◆ Task to complete ◆
How many lines in the entries below contain the word "Gold"? Answer with the number and nothing else.

◆ Records provided ◆

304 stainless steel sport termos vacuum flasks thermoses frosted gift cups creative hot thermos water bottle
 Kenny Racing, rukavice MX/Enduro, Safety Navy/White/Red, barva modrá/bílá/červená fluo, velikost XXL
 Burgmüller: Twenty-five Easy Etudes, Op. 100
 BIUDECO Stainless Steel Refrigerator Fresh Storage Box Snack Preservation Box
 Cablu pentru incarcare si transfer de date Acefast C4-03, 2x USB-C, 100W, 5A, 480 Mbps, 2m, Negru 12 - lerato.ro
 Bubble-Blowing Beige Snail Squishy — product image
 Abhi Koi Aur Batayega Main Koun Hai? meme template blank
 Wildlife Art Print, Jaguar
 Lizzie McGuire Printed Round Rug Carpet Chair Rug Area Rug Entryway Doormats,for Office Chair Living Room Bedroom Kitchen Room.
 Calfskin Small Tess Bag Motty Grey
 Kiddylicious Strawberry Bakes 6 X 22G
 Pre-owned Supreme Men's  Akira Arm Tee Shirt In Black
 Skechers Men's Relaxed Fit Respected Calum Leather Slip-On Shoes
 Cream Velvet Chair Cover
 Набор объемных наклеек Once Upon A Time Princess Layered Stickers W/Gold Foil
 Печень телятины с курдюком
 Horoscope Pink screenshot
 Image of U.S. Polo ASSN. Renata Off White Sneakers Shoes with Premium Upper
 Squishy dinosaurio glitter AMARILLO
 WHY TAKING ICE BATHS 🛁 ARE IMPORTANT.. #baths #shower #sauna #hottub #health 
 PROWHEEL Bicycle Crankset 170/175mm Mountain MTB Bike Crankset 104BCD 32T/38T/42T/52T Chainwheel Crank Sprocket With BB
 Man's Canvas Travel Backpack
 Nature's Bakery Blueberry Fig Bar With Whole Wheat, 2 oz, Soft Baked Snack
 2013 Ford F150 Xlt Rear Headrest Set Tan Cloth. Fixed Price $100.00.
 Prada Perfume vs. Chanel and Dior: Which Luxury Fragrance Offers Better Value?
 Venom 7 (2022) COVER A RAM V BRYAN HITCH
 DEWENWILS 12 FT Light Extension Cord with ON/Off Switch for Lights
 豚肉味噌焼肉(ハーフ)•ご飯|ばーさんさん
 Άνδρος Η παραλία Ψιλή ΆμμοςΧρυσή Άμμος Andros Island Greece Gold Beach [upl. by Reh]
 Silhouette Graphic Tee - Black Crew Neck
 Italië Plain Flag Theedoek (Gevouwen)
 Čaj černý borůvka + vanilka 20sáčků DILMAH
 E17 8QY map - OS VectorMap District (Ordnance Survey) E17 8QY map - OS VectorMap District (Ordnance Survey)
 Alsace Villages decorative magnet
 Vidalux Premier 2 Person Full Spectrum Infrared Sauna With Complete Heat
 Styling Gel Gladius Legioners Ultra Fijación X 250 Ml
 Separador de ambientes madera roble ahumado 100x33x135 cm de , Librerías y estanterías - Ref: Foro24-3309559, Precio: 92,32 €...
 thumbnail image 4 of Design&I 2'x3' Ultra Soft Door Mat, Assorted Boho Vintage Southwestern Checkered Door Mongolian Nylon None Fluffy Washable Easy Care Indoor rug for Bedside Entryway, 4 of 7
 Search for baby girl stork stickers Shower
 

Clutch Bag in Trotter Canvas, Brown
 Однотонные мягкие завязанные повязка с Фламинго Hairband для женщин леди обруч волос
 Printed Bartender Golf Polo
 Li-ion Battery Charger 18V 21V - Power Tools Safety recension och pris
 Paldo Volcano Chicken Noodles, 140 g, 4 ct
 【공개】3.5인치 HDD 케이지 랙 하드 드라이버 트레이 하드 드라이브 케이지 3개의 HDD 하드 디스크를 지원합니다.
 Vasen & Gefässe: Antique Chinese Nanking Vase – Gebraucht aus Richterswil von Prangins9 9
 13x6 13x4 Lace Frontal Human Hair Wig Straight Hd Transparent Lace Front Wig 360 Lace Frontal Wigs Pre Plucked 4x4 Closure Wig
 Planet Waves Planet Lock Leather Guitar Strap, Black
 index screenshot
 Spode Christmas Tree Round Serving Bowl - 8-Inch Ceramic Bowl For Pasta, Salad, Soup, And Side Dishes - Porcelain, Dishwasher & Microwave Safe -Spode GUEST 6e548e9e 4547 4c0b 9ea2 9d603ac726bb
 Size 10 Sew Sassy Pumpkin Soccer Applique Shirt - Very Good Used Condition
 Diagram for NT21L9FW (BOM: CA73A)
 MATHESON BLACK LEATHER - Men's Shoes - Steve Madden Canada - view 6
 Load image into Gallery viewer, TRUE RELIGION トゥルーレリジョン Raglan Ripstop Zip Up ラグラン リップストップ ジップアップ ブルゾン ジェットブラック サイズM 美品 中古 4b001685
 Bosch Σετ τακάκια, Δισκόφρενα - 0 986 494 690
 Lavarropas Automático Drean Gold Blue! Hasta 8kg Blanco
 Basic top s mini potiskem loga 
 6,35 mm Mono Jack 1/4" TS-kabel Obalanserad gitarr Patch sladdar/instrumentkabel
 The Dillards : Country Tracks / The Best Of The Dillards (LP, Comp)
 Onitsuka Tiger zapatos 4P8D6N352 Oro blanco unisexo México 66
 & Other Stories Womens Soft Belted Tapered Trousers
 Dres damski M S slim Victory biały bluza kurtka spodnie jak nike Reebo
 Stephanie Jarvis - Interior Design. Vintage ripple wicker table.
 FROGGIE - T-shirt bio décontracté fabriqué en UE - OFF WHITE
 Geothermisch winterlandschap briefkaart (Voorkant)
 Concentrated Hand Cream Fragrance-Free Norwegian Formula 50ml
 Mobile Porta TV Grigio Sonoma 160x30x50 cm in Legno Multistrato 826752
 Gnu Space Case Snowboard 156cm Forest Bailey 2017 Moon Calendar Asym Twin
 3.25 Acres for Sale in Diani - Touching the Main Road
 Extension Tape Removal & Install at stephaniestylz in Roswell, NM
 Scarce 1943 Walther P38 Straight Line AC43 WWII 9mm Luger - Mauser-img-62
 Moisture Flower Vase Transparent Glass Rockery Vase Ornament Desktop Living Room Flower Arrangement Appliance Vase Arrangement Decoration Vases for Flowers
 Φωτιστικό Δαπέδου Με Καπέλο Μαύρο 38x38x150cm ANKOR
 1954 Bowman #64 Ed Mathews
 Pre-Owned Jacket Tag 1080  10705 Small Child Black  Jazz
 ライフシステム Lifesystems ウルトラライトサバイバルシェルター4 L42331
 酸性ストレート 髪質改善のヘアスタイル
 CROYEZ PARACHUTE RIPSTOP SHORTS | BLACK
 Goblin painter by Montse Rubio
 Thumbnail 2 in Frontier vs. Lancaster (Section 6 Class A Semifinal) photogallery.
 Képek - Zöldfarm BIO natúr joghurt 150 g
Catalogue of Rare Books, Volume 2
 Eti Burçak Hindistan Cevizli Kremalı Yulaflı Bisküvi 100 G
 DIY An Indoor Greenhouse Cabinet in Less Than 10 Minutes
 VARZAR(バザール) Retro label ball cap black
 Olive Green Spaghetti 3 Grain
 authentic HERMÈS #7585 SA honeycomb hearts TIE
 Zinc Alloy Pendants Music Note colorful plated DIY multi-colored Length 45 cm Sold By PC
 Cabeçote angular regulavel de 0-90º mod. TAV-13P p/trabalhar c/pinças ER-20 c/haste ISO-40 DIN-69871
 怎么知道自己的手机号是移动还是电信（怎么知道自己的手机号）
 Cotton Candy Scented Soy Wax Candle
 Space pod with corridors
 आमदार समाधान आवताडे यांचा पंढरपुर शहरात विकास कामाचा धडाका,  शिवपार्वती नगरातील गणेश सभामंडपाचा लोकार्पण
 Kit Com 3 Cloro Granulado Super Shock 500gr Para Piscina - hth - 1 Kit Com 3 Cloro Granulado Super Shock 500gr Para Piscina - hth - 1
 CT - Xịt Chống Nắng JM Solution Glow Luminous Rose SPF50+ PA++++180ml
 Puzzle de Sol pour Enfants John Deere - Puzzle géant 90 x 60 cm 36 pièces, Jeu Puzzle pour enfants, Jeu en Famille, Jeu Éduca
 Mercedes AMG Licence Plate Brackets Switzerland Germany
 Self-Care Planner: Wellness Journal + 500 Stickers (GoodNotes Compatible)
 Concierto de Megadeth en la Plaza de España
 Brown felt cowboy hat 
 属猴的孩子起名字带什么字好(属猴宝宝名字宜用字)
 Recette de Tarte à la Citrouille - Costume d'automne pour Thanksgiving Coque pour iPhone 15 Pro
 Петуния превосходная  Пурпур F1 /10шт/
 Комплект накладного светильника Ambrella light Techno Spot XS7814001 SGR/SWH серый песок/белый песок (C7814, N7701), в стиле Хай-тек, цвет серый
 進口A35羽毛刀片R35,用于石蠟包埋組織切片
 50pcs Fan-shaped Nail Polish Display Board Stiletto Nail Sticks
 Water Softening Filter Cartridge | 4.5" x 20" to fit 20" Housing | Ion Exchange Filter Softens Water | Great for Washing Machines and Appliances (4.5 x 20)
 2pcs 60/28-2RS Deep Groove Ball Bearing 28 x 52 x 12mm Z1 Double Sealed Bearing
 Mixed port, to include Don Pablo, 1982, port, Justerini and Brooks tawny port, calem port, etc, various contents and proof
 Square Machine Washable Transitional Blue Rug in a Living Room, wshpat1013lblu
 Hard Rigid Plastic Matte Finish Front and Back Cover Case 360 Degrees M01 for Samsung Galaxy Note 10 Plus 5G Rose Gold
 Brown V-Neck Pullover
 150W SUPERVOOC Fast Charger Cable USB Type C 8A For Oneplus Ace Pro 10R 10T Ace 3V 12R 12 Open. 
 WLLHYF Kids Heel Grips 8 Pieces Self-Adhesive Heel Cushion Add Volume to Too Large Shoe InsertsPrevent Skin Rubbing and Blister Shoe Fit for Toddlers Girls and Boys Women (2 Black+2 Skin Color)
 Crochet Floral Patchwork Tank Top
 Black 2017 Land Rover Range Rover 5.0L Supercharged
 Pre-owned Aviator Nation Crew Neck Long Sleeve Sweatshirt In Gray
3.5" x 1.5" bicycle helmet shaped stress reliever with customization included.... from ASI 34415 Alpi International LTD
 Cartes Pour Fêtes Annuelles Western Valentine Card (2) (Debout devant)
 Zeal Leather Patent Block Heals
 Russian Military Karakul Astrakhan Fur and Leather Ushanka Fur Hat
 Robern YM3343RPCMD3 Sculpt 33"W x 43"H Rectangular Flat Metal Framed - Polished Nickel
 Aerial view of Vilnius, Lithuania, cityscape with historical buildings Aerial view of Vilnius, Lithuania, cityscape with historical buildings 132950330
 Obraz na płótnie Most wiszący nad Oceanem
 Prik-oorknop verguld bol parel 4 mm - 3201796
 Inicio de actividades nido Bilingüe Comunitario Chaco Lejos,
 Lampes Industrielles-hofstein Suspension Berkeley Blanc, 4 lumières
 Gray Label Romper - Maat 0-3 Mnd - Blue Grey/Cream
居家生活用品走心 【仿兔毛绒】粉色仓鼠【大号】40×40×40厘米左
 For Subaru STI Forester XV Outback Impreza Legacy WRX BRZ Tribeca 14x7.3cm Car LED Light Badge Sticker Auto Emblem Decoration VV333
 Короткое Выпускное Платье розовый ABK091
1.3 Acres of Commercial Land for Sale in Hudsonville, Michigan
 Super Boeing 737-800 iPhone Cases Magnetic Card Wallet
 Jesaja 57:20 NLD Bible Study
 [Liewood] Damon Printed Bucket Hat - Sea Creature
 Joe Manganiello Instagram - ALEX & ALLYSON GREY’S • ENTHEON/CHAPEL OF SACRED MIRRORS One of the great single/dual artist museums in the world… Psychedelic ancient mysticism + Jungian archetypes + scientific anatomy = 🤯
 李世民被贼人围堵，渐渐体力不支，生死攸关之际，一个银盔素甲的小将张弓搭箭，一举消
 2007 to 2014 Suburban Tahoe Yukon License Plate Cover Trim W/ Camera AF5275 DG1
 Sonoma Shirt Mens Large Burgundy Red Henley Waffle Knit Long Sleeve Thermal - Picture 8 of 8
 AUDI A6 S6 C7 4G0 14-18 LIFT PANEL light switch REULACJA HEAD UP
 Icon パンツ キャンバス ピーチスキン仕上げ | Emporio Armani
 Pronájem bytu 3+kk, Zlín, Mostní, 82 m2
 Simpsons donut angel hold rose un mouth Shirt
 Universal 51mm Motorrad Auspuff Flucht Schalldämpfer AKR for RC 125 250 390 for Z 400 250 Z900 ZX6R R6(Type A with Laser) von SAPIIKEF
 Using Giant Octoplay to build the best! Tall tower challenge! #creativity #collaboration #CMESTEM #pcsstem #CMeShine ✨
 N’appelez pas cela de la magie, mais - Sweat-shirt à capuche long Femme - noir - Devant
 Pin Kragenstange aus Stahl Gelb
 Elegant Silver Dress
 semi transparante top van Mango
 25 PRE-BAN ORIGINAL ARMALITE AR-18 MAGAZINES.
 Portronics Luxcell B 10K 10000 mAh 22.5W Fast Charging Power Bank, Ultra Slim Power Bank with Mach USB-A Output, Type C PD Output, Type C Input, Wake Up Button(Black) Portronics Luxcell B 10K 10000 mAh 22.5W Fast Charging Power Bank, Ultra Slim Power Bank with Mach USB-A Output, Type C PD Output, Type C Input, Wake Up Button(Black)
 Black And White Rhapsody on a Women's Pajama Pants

◆ Result below ◆
4